Source data:
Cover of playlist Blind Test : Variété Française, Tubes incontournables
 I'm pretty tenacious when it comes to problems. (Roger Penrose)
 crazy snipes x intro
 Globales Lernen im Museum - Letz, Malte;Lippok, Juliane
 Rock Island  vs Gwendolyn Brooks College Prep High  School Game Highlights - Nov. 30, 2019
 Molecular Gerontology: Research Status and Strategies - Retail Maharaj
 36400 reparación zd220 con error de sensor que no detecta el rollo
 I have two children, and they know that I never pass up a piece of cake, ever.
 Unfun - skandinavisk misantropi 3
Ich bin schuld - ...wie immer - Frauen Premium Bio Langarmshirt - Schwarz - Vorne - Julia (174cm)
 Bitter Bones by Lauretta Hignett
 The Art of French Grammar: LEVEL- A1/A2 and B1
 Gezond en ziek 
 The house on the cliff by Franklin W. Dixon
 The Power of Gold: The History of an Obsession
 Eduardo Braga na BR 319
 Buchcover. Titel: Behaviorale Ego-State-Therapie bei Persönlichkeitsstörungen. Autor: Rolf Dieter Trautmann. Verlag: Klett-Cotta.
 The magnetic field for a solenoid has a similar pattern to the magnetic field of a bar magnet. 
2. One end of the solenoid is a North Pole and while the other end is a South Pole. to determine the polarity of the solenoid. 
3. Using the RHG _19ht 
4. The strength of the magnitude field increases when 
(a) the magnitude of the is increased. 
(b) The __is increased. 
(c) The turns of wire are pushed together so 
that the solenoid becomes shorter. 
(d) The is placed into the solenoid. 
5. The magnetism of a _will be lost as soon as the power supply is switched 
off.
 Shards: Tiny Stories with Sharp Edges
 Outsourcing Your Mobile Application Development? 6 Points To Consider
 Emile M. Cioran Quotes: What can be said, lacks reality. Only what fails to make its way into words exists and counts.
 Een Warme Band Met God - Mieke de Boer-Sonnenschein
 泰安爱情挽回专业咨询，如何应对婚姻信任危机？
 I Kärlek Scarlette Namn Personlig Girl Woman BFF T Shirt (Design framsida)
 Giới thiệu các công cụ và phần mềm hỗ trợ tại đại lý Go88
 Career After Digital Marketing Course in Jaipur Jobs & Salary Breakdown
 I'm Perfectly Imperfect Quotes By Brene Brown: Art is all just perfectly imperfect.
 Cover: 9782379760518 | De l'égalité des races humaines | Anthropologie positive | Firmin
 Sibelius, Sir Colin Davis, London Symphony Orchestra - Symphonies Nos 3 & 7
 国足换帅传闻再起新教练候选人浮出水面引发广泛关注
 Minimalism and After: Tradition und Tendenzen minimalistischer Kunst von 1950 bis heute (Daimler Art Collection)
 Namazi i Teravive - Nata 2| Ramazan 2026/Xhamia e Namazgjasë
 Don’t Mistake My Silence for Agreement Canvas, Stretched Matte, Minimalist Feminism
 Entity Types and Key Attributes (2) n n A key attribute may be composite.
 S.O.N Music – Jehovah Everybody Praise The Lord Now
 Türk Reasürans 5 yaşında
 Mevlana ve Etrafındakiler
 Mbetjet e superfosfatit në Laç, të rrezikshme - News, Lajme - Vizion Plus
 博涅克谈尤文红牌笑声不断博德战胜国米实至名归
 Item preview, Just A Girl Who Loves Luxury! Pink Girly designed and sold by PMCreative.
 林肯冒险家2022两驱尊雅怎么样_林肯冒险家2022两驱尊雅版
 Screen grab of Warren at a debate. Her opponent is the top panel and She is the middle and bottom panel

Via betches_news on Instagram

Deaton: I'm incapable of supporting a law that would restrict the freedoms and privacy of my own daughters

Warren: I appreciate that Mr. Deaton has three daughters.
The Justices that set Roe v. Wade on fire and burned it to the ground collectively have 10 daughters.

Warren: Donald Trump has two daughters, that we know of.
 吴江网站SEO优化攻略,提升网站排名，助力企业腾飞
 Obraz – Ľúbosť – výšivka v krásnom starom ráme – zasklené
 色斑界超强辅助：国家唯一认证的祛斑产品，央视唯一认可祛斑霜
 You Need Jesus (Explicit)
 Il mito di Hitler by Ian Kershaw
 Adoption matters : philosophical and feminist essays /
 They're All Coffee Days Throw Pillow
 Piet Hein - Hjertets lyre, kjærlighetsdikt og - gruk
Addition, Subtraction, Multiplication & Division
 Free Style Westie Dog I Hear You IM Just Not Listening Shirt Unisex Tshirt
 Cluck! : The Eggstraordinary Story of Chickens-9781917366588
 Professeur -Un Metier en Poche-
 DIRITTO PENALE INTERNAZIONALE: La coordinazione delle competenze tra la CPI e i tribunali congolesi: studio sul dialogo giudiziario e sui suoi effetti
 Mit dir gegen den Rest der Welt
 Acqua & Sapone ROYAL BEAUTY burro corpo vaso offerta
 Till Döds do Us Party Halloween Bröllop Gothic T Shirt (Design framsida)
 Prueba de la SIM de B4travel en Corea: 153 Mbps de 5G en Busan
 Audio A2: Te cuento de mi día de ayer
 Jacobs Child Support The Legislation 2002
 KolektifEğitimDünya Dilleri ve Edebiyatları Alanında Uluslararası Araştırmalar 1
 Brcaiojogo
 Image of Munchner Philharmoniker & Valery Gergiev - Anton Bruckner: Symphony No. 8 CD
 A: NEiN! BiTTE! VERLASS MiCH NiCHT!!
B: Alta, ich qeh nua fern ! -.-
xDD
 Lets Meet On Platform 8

Task item: Copy the lines of the entries above that mention "Symphony".

Exercise result:
 Sibelius, Sir Colin Davis, London Symphony Orchestra - Symphonies Nos 3 & 7
 Image of Munchner Philharmoniker & Valery Gergiev - Anton Bruckner: Symphony No. 8 CD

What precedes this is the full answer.